_Exercise data:_
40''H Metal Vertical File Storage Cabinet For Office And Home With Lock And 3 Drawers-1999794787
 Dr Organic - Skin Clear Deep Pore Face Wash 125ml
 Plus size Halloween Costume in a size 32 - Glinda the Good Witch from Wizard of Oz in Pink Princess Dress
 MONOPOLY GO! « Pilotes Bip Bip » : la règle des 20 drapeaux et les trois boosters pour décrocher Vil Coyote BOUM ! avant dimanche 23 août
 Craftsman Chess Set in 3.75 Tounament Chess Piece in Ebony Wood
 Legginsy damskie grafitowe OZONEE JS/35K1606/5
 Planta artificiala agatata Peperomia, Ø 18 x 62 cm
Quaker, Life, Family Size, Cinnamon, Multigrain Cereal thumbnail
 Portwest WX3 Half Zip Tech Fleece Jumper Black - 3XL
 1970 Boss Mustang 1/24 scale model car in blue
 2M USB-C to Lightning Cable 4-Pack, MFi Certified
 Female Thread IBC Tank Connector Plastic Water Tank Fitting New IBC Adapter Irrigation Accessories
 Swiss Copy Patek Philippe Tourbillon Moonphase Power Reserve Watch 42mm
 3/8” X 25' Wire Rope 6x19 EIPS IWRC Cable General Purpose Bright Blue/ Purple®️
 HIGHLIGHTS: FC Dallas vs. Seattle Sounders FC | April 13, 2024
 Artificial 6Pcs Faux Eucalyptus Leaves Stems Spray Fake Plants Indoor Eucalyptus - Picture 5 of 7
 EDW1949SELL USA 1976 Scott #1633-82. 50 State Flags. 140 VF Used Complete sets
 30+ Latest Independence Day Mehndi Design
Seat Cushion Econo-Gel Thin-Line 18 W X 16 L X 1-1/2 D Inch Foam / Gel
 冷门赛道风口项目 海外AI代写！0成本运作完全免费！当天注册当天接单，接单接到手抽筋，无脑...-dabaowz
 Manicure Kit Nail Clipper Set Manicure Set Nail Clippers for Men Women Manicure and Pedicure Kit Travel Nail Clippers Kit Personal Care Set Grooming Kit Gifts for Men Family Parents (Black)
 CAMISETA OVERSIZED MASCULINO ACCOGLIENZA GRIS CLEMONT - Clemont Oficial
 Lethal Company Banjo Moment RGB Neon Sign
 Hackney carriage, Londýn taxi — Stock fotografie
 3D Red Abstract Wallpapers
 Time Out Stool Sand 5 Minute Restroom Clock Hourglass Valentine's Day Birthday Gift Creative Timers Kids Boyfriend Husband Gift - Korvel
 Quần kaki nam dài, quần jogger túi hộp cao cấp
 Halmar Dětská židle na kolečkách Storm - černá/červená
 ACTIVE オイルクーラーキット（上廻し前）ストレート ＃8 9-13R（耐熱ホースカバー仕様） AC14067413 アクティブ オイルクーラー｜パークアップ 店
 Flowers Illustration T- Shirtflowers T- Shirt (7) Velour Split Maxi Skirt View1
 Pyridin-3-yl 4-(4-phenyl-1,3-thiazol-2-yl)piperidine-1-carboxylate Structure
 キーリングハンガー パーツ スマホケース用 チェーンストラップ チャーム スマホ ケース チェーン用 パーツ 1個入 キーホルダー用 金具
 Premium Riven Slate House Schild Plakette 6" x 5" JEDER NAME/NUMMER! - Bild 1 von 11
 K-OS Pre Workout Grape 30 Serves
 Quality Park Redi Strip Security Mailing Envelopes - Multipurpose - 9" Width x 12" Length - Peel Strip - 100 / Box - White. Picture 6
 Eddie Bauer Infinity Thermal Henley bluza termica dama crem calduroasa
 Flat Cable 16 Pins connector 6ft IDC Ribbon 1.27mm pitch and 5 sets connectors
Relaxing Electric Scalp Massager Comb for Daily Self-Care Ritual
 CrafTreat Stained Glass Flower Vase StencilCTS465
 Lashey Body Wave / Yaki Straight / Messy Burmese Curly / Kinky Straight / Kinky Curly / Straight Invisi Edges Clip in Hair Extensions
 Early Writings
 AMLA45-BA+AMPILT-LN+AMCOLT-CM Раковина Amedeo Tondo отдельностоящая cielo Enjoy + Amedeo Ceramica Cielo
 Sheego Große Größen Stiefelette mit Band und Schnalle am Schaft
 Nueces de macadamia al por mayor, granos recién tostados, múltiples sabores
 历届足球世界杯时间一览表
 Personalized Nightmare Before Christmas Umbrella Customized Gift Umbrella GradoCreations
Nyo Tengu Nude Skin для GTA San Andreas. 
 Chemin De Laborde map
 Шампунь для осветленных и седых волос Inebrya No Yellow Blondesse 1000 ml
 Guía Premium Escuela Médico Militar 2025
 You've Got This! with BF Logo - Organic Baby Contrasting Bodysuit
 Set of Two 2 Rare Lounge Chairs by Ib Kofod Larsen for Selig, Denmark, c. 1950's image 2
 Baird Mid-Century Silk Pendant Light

_Exercise description:_
Please reproduce all of the entries exactly as they stand.

_Answer space:_
40''H Metal Vertical File Storage Cabinet For Office And Home With Lock And 3 Drawers-1999794787
 Dr Organic - Skin Clear Deep Pore Face Wash 125ml
 Plus size Halloween Costume in a size 32 - Glinda the Good Witch from Wizard of Oz in Pink Princess Dress
 MONOPOLY GO! « Pilotes Bip Bip » : la règle des 20 drapeaux et les trois boosters pour décrocher Vil Coyote BOUM ! avant dimanche 23 août
 Craftsman Chess Set in 3.75 Tounament Chess Piece in Ebony Wood
 Legginsy damskie grafitowe OZONEE JS/35K1606/5
 Planta artificiala agatata Peperomia, Ø 18 x 62 cm
Quaker, Life, Family Size, Cinnamon, Multigrain Cereal thumbnail
 Portwest WX3 Half Zip Tech Fleece Jumper Black - 3XL
 1970 Boss Mustang 1/24 scale model car in blue
 2M USB-C to Lightning Cable 4-Pack, MFi Certified
 Female Thread IBC Tank Connector Plastic Water Tank Fitting New IBC Adapter Irrigation Accessories
 Swiss Copy Patek Philippe Tourbillon Moonphase Power Reserve Watch 42mm
 3/8” X 25' Wire Rope 6x19 EIPS IWRC Cable General Purpose Bright Blue/ Purple®️
 HIGHLIGHTS: FC Dallas vs. Seattle Sounders FC | April 13, 2024
 Artificial 6Pcs Faux Eucalyptus Leaves Stems Spray Fake Plants Indoor Eucalyptus - Picture 5 of 7
 EDW1949SELL USA 1976 Scott #1633-82. 50 State Flags. 140 VF Used Complete sets
 30+ Latest Independence Day Mehndi Design
Seat Cushion Econo-Gel Thin-Line 18 W X 16 L X 1-1/2 D Inch Foam / Gel
 冷门赛道风口项目 海外AI代写！0成本运作完全免费！当天注册当天接单，接单接到手抽筋，无脑...-dabaowz
 Manicure Kit Nail Clipper Set Manicure Set Nail Clippers for Men Women Manicure and Pedicure Kit Travel Nail Clippers Kit Personal Care Set Grooming Kit Gifts for Men Family Parents (Black)
 CAMISETA OVERSIZED MASCULINO ACCOGLIENZA GRIS CLEMONT - Clemont Oficial
 Lethal Company Banjo Moment RGB Neon Sign
 Hackney carriage, Londýn taxi — Stock fotografie
 3D Red Abstract Wallpapers
 Time Out Stool Sand 5 Minute Restroom Clock Hourglass Valentine's Day Birthday Gift Creative Timers Kids Boyfriend Husband Gift - Korvel
 Quần kaki nam dài, quần jogger túi hộp cao cấp
 Halmar Dětská židle na kolečkách Storm - černá/červená
 ACTIVE オイルクーラーキット（上廻し前）ストレート ＃8 9-13R（耐熱ホースカバー仕様） AC14067413 アクティブ オイルクーラー｜パークアップ 店
 Flowers Illustration T- Shirtflowers T- Shirt (7) Velour Split Maxi Skirt View1
 Pyridin-3-yl 4-(4-phenyl-1,3-thiazol-2-yl)piperidine-1-carboxylate Structure
 キーリングハンガー パーツ スマホケース用 チェーンストラップ チャーム スマホ ケース チェーン用 パーツ 1個入 キーホルダー用 金具
 Premium Riven Slate House Schild Plakette 6" x 5" JEDER NAME/NUMMER! - Bild 1 von 11
 K-OS Pre Workout Grape 30 Serves
 Quality Park Redi Strip Security Mailing Envelopes - Multipurpose - 9" Width x 12" Length - Peel Strip - 100 / Box - White. Picture 6
 Eddie Bauer Infinity Thermal Henley bluza termica dama crem calduroasa
 Flat Cable 16 Pins connector 6ft IDC Ribbon 1.27mm pitch and 5 sets connectors
Relaxing Electric Scalp Massager Comb for Daily Self-Care Ritual
 CrafTreat Stained Glass Flower Vase StencilCTS465
 Lashey Body Wave / Yaki Straight / Messy Burmese Curly / Kinky Straight / Kinky Curly / Straight Invisi Edges Clip in Hair Extensions
 Early Writings
 AMLA45-BA+AMPILT-LN+AMCOLT-CM Раковина Amedeo Tondo отдельностоящая cielo Enjoy + Amedeo Ceramica Cielo
 Sheego Große Größen Stiefelette mit Band und Schnalle am Schaft
 Nueces de macadamia al por mayor, granos recién tostados, múltiples sabores
 历届足球世界杯时间一览表
 Personalized Nightmare Before Christmas Umbrella Customized Gift Umbrella GradoCreations
Nyo Tengu Nude Skin для GTA San Andreas. 
 Chemin De Laborde map
 Шампунь для осветленных и седых волос Inebrya No Yellow Blondesse 1000 ml
 Guía Premium Escuela Médico Militar 2025
 You've Got This! with BF Logo - Organic Baby Contrasting Bodysuit
 Set of Two 2 Rare Lounge Chairs by Ib Kofod Larsen for Selig, Denmark, c. 1950's image 2
 Baird Mid-Century Silk Pendant Light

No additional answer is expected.